Your objective: Drop the pictures and repeat exactly from the "Elegant pearl bracelet for daily wear" line down to the last line of the entries below.

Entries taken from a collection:
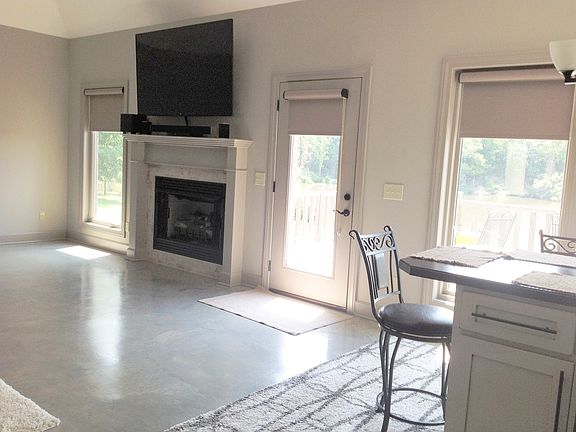 open concept LR-door to deck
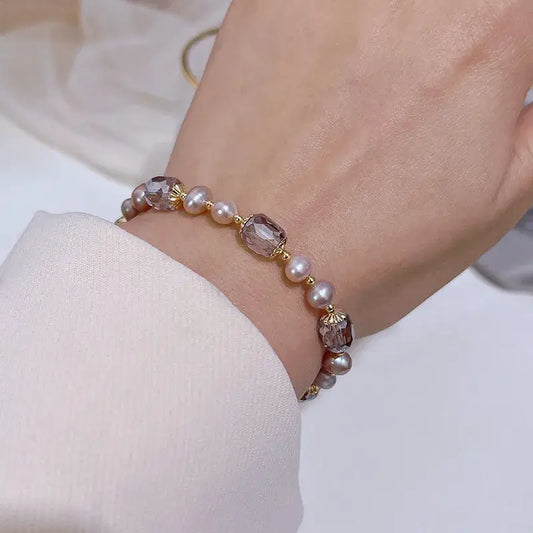 Elegant pearl bracelet for daily wear
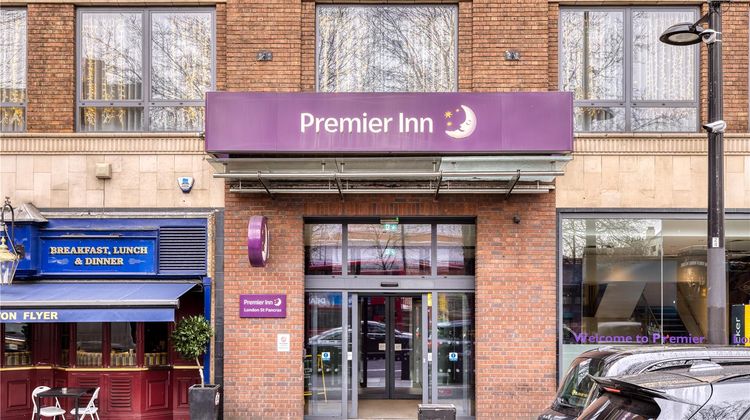 Premier Inn London St Pancras Hotel Exterior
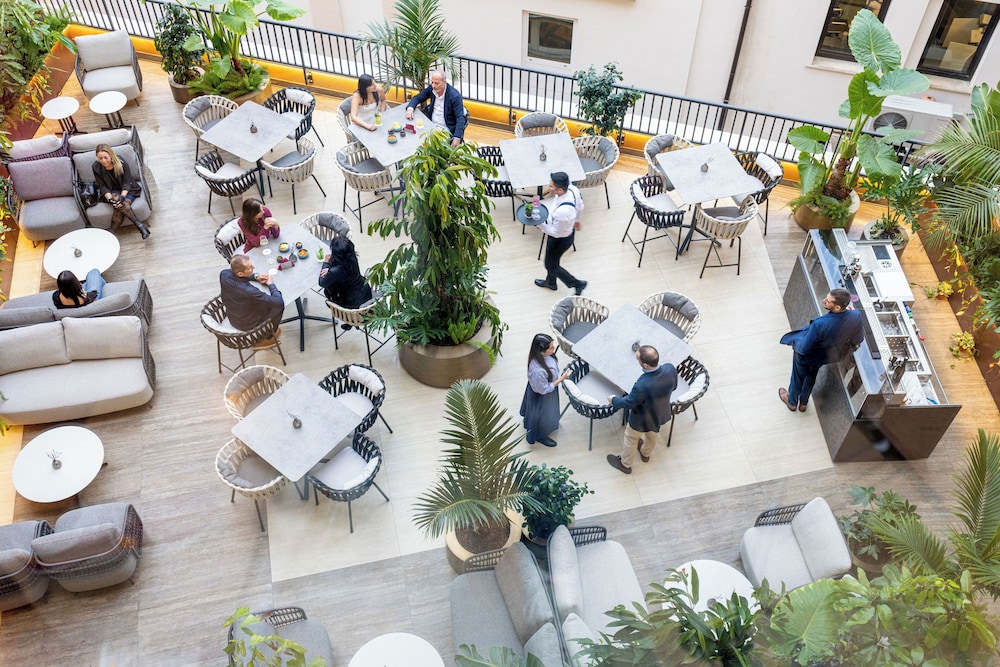 Palazzo 4 Fontane 12 — 4-Star Luxury Hotel in Rome, Italy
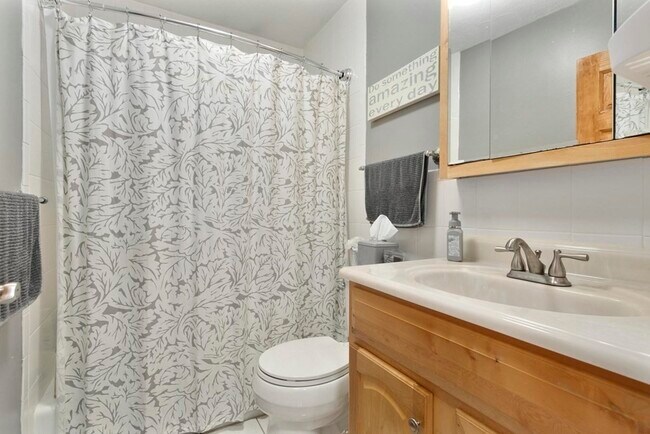 Building Photo - 59 Highland Glen Dr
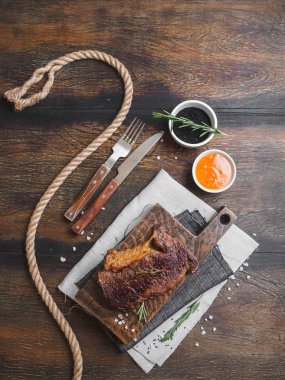 Antrikot hissesi ile baharat ahşap tahta üzerinde.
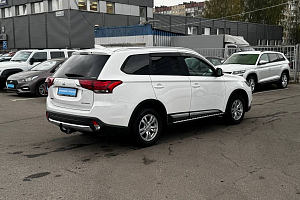 купить Мицубиси Outlander 2018, автосалон 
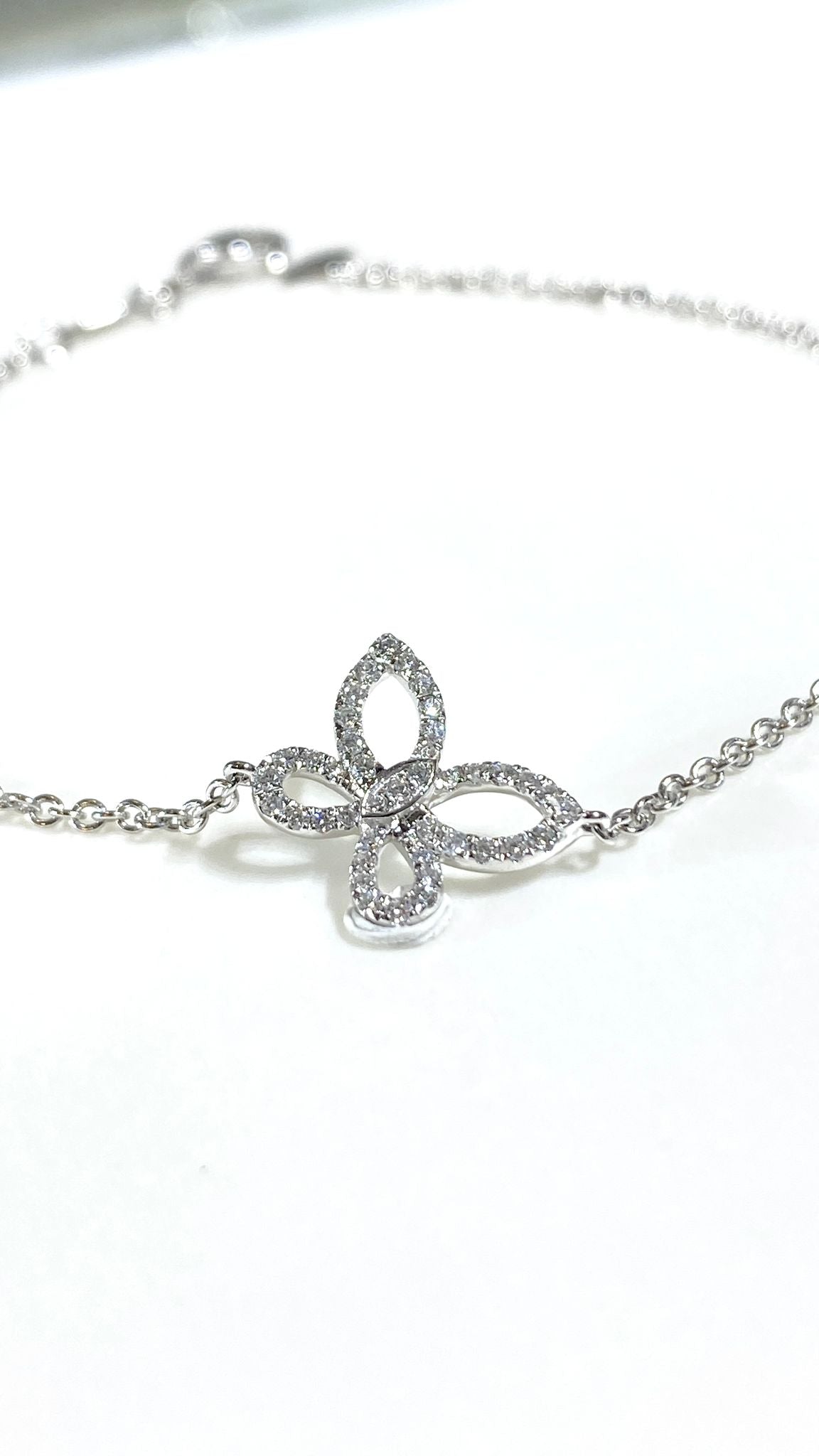 lab grown diamond
Patinum Bracelet 培育鑽石手鏈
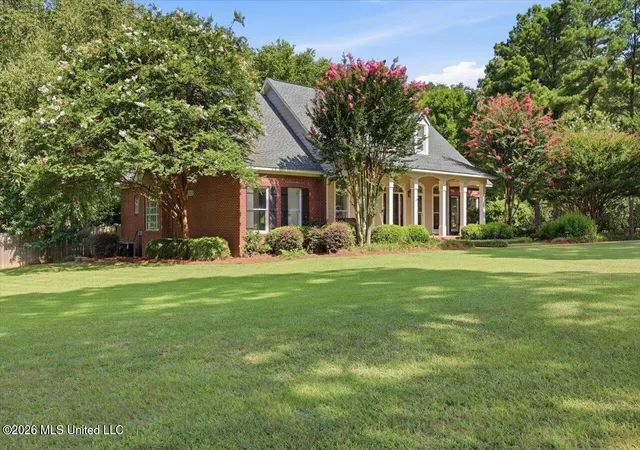 Photo 3 of Sale Pending at 108 Blueberry Hl Ln, Clinton, MS 39056 | MLS# 4156699 | Listing updated on 2026-09-02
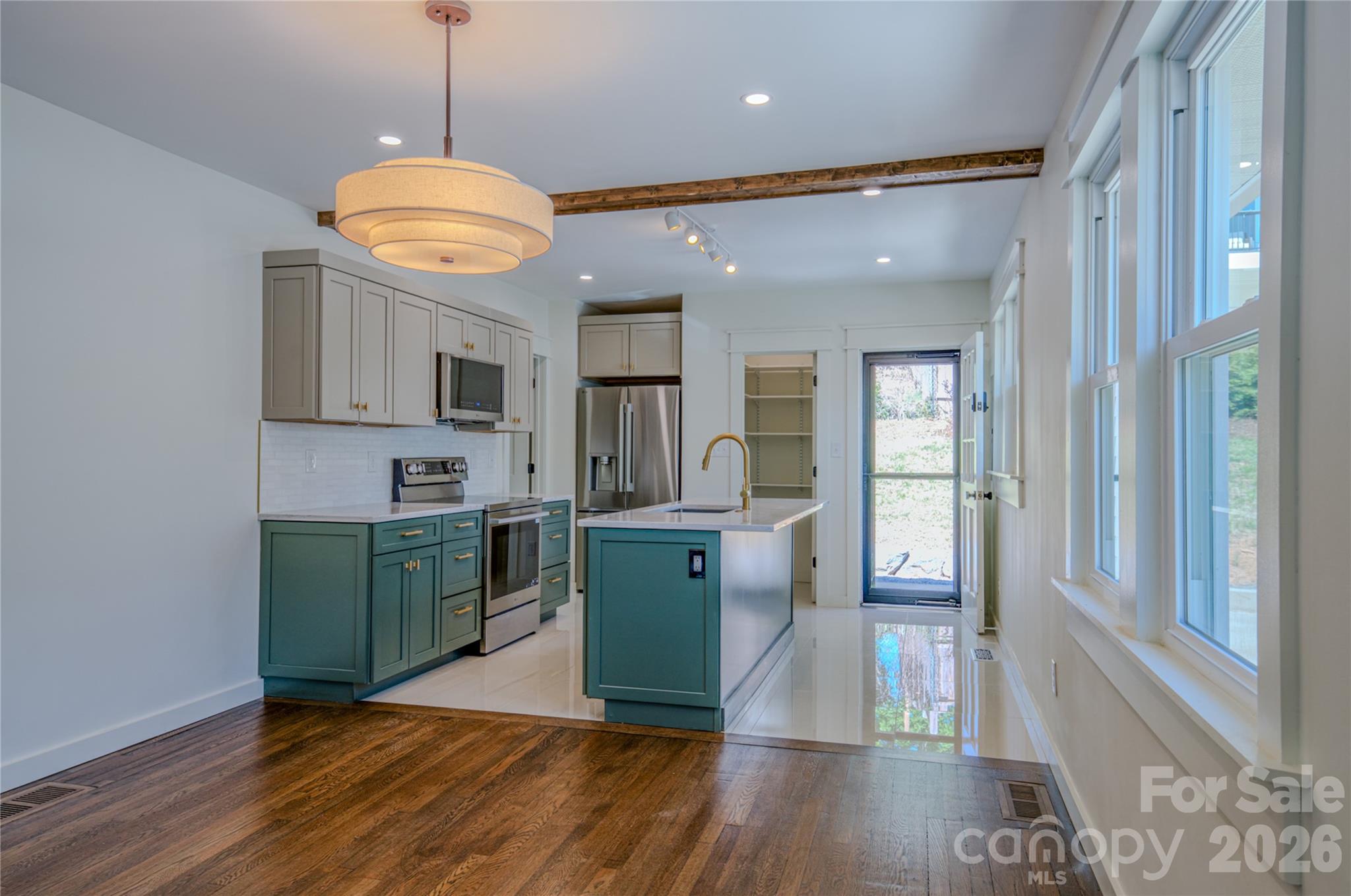 26 Henrietta Street Property Photo 8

Answer area:
 Elegant pearl bracelet for daily wear
 Premier Inn London St Pancras Hotel Exterior
 Palazzo 4 Fontane 12 — 4-Star Luxury Hotel in Rome, Italy
 Building Photo - 59 Highland Glen Dr
 Antrikot hissesi ile baharat ahşap tahta üzerinde.
 купить Мицубиси Outlander 2018, автосалон 
 lab grown diamond
Patinum Bracelet 培育鑽石手鏈
 Photo 3 of Sale Pending at 108 Blueberry Hl Ln, Clinton, MS 39056 | MLS# 4156699 | Listing updated on 2026-09-02
 26 Henrietta Street Property Photo 8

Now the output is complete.